The following additional tables and views are extracted when you use the redshift-raw-logs connector with --assessment flag:

  • STL_QUERY_METRICS
  • SVL_QUERY_QUEUE_INFO
  • STL_WLM_QUERY

For information about the system views and tables in Redshift, see Redshift system views and Redshift system catalog tables.

Apache Hive/Spark or Trino/PrestoSQL

The dwh-migration-dumper tool only supports authentication to Apache Hive metastore through Kerberos. So the --user and --password flags aren't used, instead use the --hive-kerberos-url flag to supply the Kerberos authentication details.

The following table describes the commonly used flags for extracting Apache Hive, Spark, Presto, or Trino metadata by using the extraction tool. For information about all supported flags, see global flags.

Name Default value Description Required
--assessment

Turns on assessment mode when extracting metadata. The dwh-migration-dumper tool generates required metadata statistics for BigQuery migration assessment when used for metadata extraction.

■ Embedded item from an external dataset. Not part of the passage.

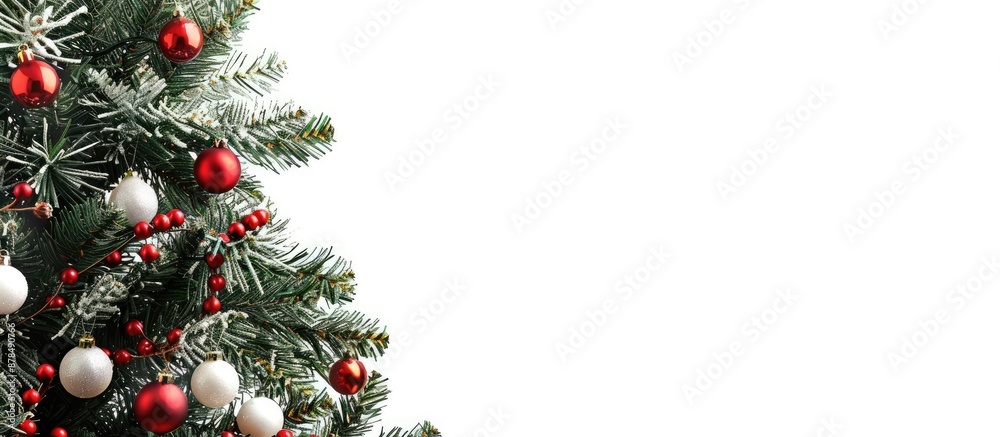 Poster Christmas tree adorned with space for text or images on the right side. image with copy space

Required for assessment. Not required for translation.
--connector The name of the connector to use, in this case hiveql. Yes
--hive-metastore-dump-partition-metadata true

Causes the dwh-migration-dumper tool to extract partition metadata. You might want to set this flag to false for production metastore with a significant number of partitions, due to Thrift client performance implications. This improves the extraction tool performance, but causes some loss of partition optimization on the BigQuery side.

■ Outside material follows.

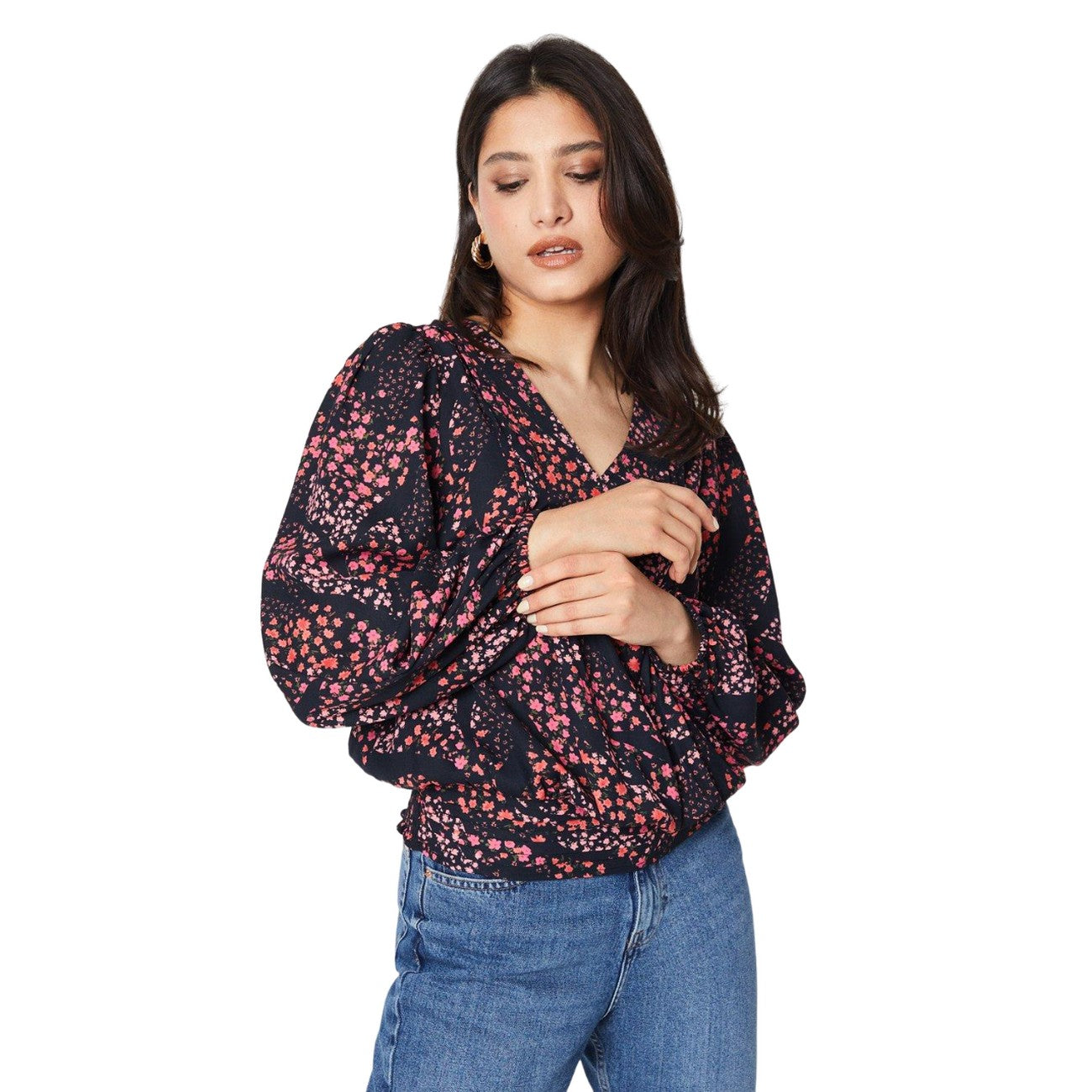 Black-Pink - Side - Dorothy Perkins Womens-Ladies Floral Pleated Long-Sleeved Blouse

Don't use this flag with the --assessment flag, as it will have no effect.

No
--hive-metastore-version 2.3.6

When you run the dwh-migration-dumper tool, it selects the appropriate Thrift specification to use for communicating with your Apache Hive server, based on the value of this flag. If the extraction tool doesn't have an appropriate Thrift specification, it uses the 2.3.6 client and emits a warning to stdout. If this occurs, please contact Support and provide the Apache Hive version number you requested.

No
--host localhost The hostname or IP address of the database server. No
--port 9083 The port of the database server. No
--hive-kerberos-url The Kerberos principal and host to use for authentication. Required for clusters with enabled Kerberos authentication.
-Dhiveql.rpc.protection

The RPC protection configuration level. This determines the Quality of Protection (QOP) of the Simple Authentication and Security Layer (SASL) connection between cluster and the dwh-migration-dumper tool.

Must be equal to the value of the hadoop.rpc.protection parameter inside the /etc/hadoop/conf/core-site.xml file on the cluster, with one of the following values:

  • authentication
  • integrity
  • privacy

Example (Bash):
-Dhiveql.rpc.protection=privacy

Example (Windows PowerShell):
"-Dhiveql.rpc.protection=privacy"

Required for clusters with enabled Kerberos authentication.

Examples

The following example shows how to extract metadata for a Hive 2.3.7 database on a specified host, without authentication and using an alternate port for connection:

dwh-migration-dumper \
  --connector hiveql \
  --hive-metastore-version 2.3.7 \
  --host host \
  --port port

To use Kerberos authentication, sign in as a user that has read permissions to the Hive metastore and generate a Kerberos ticket. Then, generate the metadata zip file with the following command:

JAVA_OPTS="-Djavax.security.auth.useSubjectCredsOnly=false" \
  dwh-migration-dumper \
  --connector hiveql \
  --host host \
  --port port \
  --hive-kerberos-url principal/kerberos_host

Azure Synapse or Microsoft SQL Server

To allow the dwh-migration-dumper tool to connect to Azure Synapse or Microsoft SQL Server, download their JDBC driver from Microsoft's download page.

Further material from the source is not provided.